___ Records for processing

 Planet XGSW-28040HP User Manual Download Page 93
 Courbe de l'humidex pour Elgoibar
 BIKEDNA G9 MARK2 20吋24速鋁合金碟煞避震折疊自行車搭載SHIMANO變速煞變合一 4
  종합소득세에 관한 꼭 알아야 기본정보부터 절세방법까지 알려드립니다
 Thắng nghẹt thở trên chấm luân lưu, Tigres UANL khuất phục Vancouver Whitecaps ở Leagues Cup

______
___ Records for processing

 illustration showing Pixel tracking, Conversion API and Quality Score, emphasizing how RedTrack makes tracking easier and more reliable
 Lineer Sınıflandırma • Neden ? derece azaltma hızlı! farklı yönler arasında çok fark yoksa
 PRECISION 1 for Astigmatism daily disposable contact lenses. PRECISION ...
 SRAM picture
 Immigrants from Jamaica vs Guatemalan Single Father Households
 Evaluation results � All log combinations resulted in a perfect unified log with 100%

______

→ The problem: In the listing above, the lines from the one containing "종합소득세에 관한 꼭 알아야 기본정보부터 절세방법까지 알려드립니다" through the one containing "Thắng nghẹt thở" must be set down exactly, with no other lines.

→ Finished exercise:
  종합소득세에 관한 꼭 알아야 기본정보부터 절세방법까지 알려드립니다
 Thắng nghẹt thở trên chấm luân lưu, Tigres UANL khuất phục Vancouver Whitecaps ở Leagues Cup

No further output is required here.